(Records contained in a dataset)
##############################
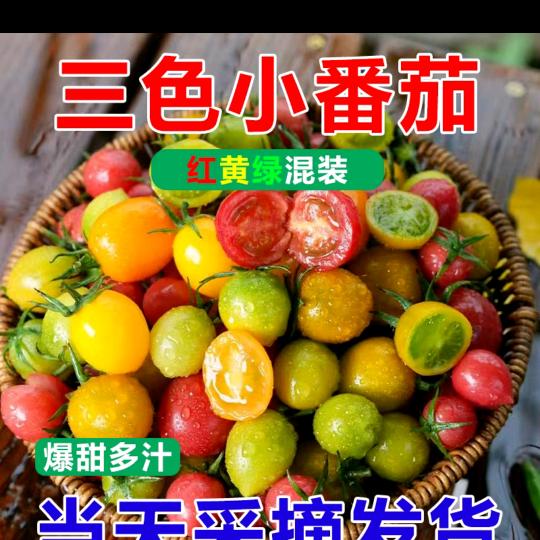 寿光市盛硕果蔬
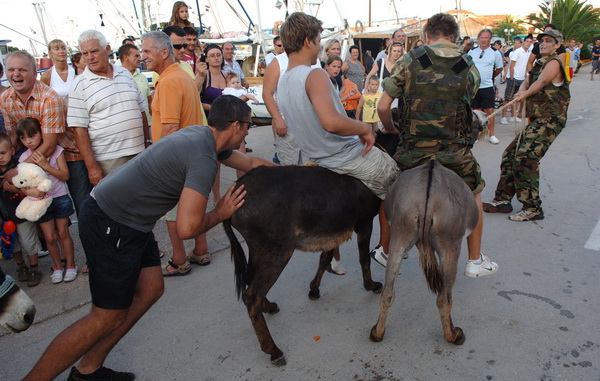 Zadar, 050809.
Danas je na otoku Ugljanu u mjesto Kukljica slavljena Gospa od Sniga. Festa u Kukljici vec tradicionalno prvlaci veliki broj ljudi, a uz ples tamosnje folklorne skupine odrzana je i utrka tovara.
Foto: Andrija lucic / CROPIX Zadar, 050809.
Danas je na otoku Ugljanu u mjesto Kukljica slavljena Gospa od Sniga. Festa u Kukljici vec tradicionalno prvlaci veliki broj ljudi, a uz ples tamosnje folklorne skupine odrzana je i utrka tovara.
Foto: Andrija lucic / CROPIX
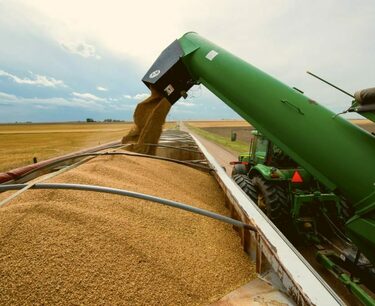 Египет решил потратить $1,45 млрд на закупку пшеницы у местных фермеров  ИА Красная Весна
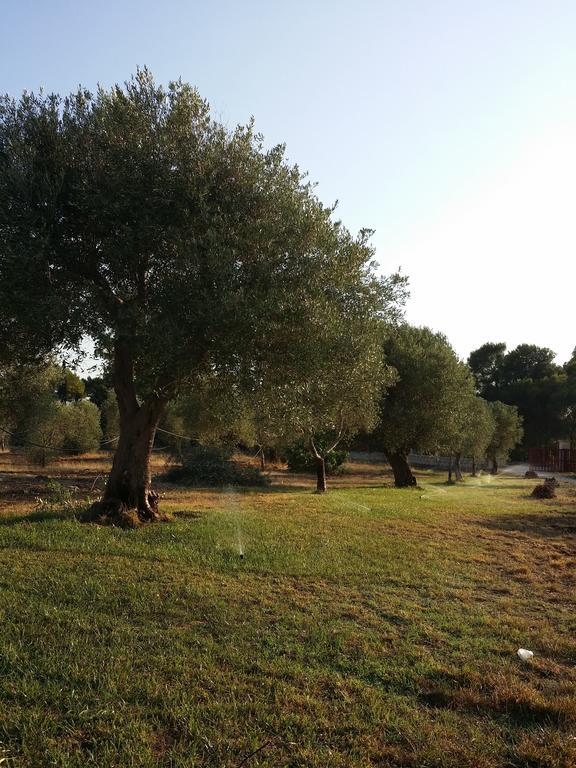 Agriturismo "Terra D'Ulivi" Porto Cesareo Cameră foto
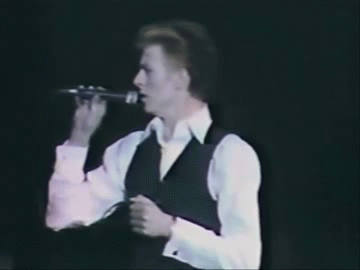 luvbowieluvr:sloweburn:Thin White Duke gif by me This will never cease to make me smile :)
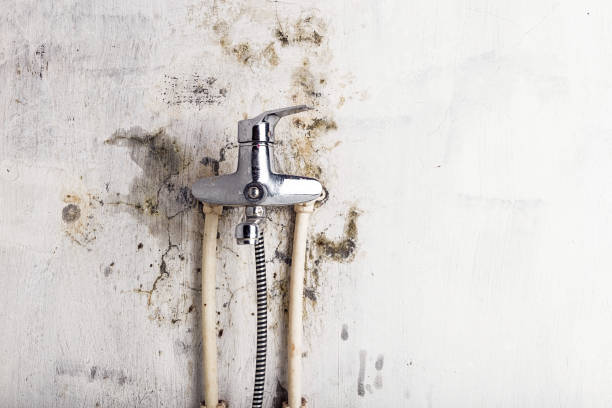 Best Mold Removal and Inspection  in Mohnton, PA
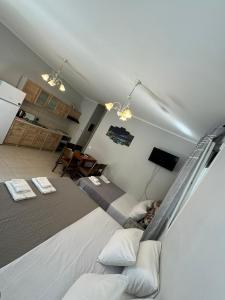 a large room with a bed and a tv at Suli Apartments in Limenas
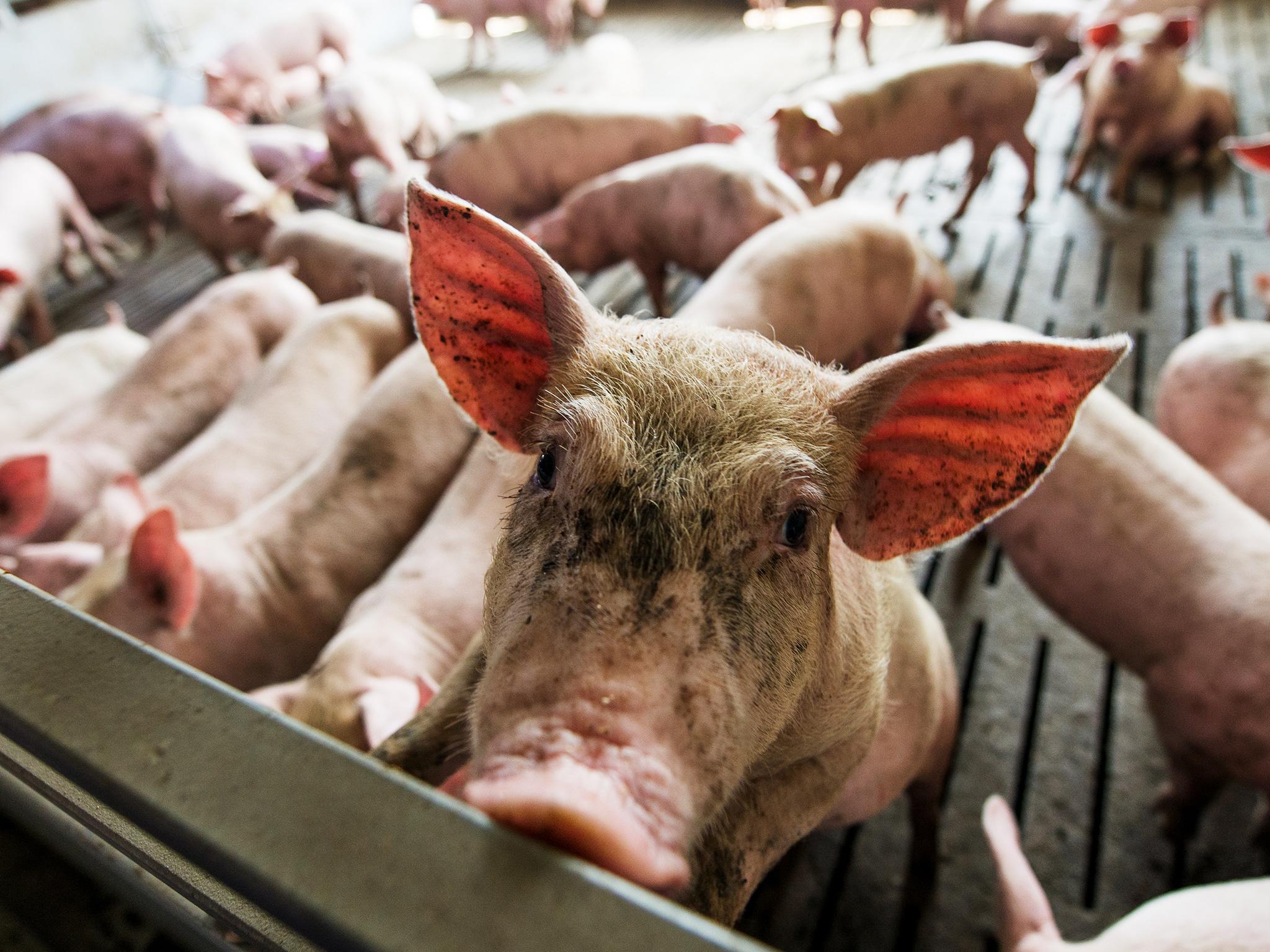 Almost 29 million farm animals were sent for slaughter in 2019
##############################
• Work required
When you reproduce the entries above, keep every word exactly and leave out each picture.

• Response to the exercise
 寿光市盛硕果蔬
 Zadar, 050809.
Danas je na otoku Ugljanu u mjesto Kukljica slavljena Gospa od Sniga. Festa u Kukljici vec tradicionalno prvlaci veliki broj ljudi, a uz ples tamosnje folklorne skupine odrzana je i utrka tovara.
Foto: Andrija lucic / CROPIX Zadar, 050809.
Danas je na otoku Ugljanu u mjesto Kukljica slavljena Gospa od Sniga. Festa u Kukljici vec tradicionalno prvlaci veliki broj ljudi, a uz ples tamosnje folklorne skupine odrzana je i utrka tovara.
Foto: Andrija lucic / CROPIX
 Египет решил потратить $1,45 млрд на закупку пшеницы у местных фермеров  ИА Красная Весна
 Agriturismo "Terra D'Ulivi" Porto Cesareo Cameră foto
 luvbowieluvr:sloweburn:Thin White Duke gif by me This will never cease to make me smile :)
 Best Mold Removal and Inspection  in Mohnton, PA
 a large room with a bed and a tv at Suli Apartments in Limenas
 Almost 29 million farm animals were sent for slaughter in 2019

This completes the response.